Abruzzo. Fermo pesca dall’11 agosto per 42 giorni. Ecco i calendari nei dettagli

Pescara-porto-canale(wn24)-Pescara –  Nei giorni scorsi si è tenuto un incontro nella Direzione Generale Pesca insieme alle altre associazioni di categoria per dirimere alcune questioni rimaste in sospeso circa il fermo pesca 2014.

Durante i lavori è stata cassata, pur avanzata dal Ministero, di limitare la possibilità di indicare un porto base diverso da quello di iscrizione solo alle imprese che avessero effettuato tale scelta operativa per almeno 75 giorni nei due anni precedenti, in quanto avrebbe rappresentato un appesantimento e vincolo eccessivo. La direzione della pesca è però intenzionata ad introdurre una norma per evitare lo sbarco nei porti dove si sta attuando il fermo pesca.

Ecco i calendari nei dettagli

1. Trieste Rimini 42 giorni consecutivi  a partire dal 28 luglio; 
2. Pesaro Bari 42 giorni consecutivi  a partire dall’11 agosto; 
3. Brindisi Imperia 30 giorni consecutivi a partire 15 settembre; 
4. Per la Sicilia e Sardegna  si rinvia alle determinazione da parte delle rispettive Regioni.

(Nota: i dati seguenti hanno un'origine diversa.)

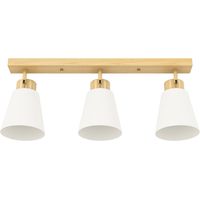 Plafonnier LED 40 W en bois naturel avec fixation double au plafond, 3 douilles E27 et têtes orientables à 90°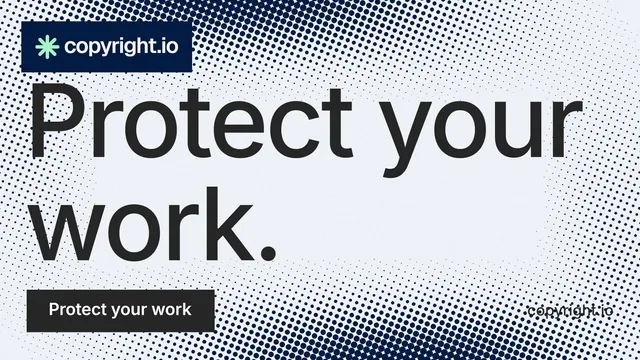 Landscape graphic for copyright.io: "Protect your work." Swiss style, poster layout, light palette in white, blue, grey.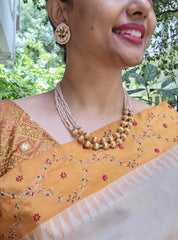 2 line Antique style pearls with beads mala-Silver Neckpiece-PL-House of Taamara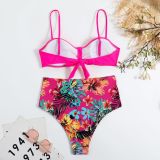 Women's solid color floral bikini swimsuit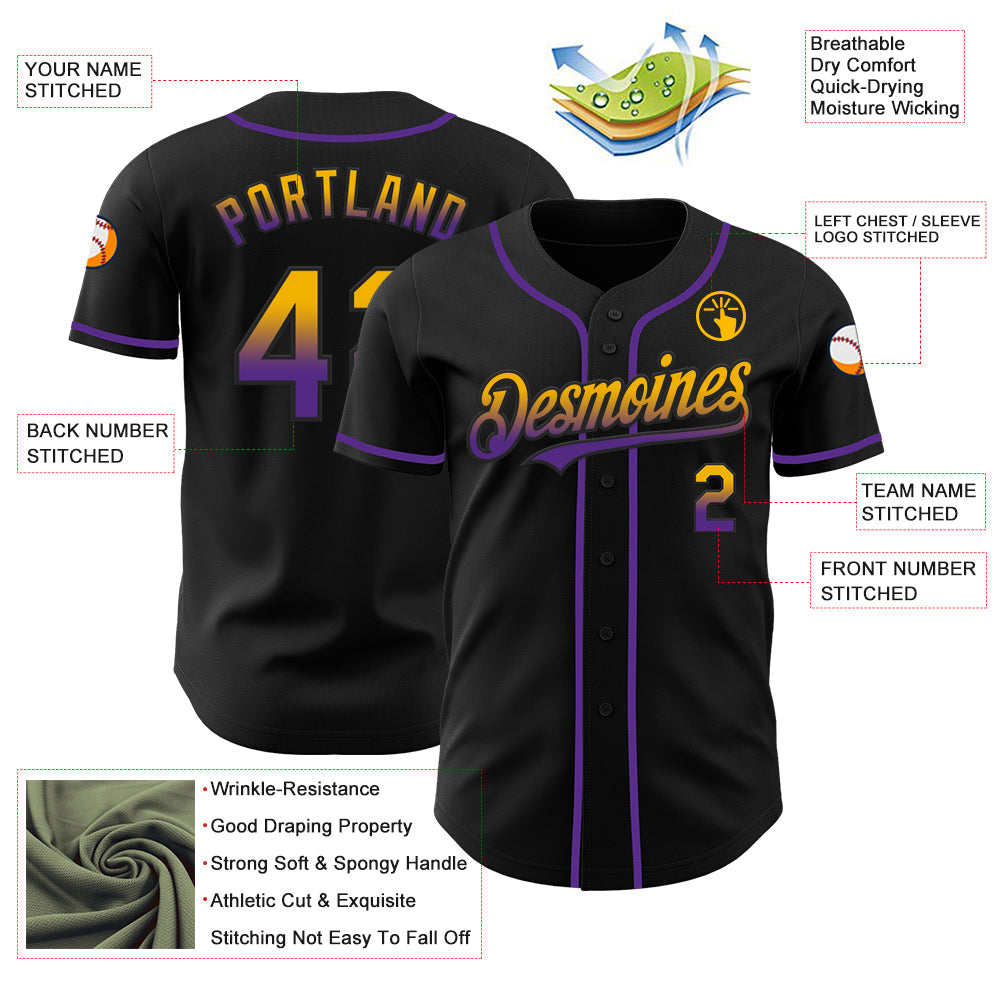 Custom Black Gold-Purple Authentic Fade Fashion Baseball Jersey view 3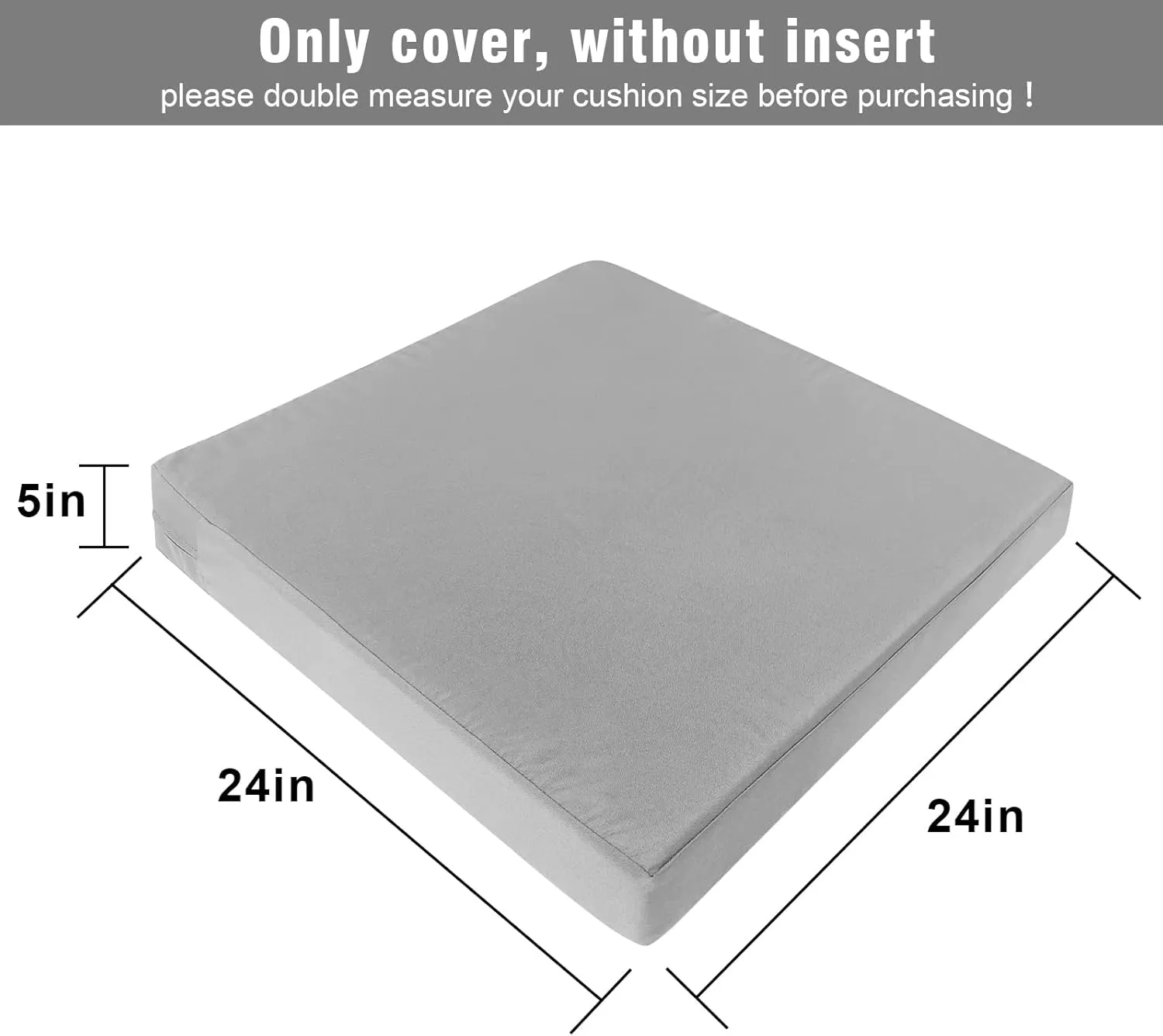 GUEGLSA Replacement Outdoor Cushion Covers 24x24x5 inch, Waterproof Patio Seat Cushion Slipcovers, Chair Cushion Slip Cover, Set of 2, Grey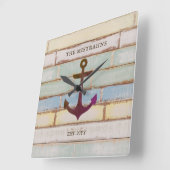 Nautical Anchor Rustic Wood Boat Name Family Vierkante Klok (Hoek)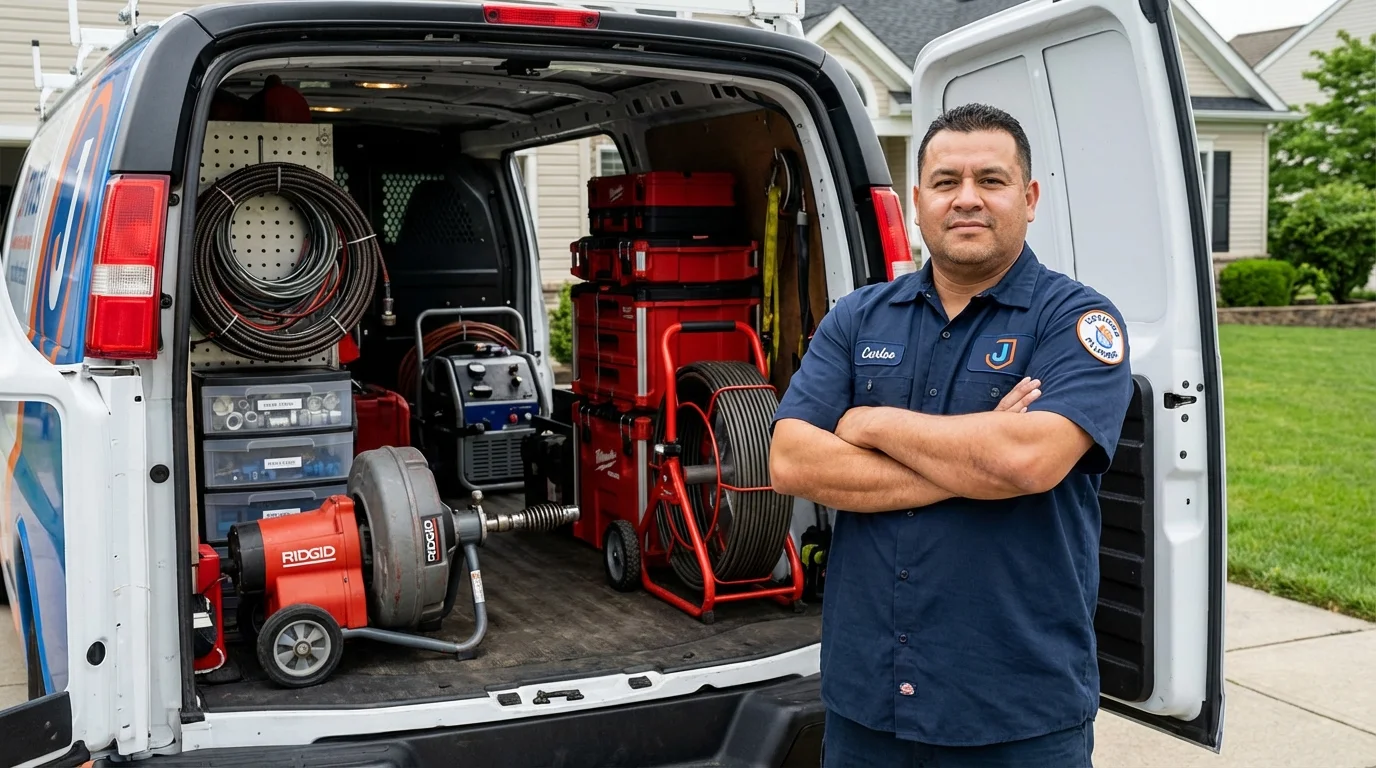 Professional drain cleaning equipment and Johns Plumbing LLC plumber in Healy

Quindi in Abruzzo la pesca a strascico di ferma dall’11 agosto fino al 22 settembre ma si potranno comunque gustare vongole fresce, grazie alle vongolare abruzzesi, e sogliole, cicale, mormore e tutti gli altri pesci che stazionano sotto costa che possono essere pescati da piccoli battelli con le retine. Per i mollusci e altre tipologie di pescato c’è sempre il pesce fresco proveniente dal Tirreno e dal sud Italia, dove il fermo biologico avrà inizio il prossimo 15 settembre.

Sui ritardi, invece, del pagamento del fermo biologico 2013, polemica di Walter Squeo di Federpesca: “Solo in Italia accade questo per la lentezza di tutto il sistema burocratico. Infatti in tutti i paesi comunitari il compenso è stato dato in modo tempestivo ai pescatori, che oltretutto adottano un sistema di cassa integrazione non in deroga come accade per i pescatori italiani che sono costretti ad adottare regolamenti comunitari dispendiosi e che poi non vengono tutelati dalla politica italiana”.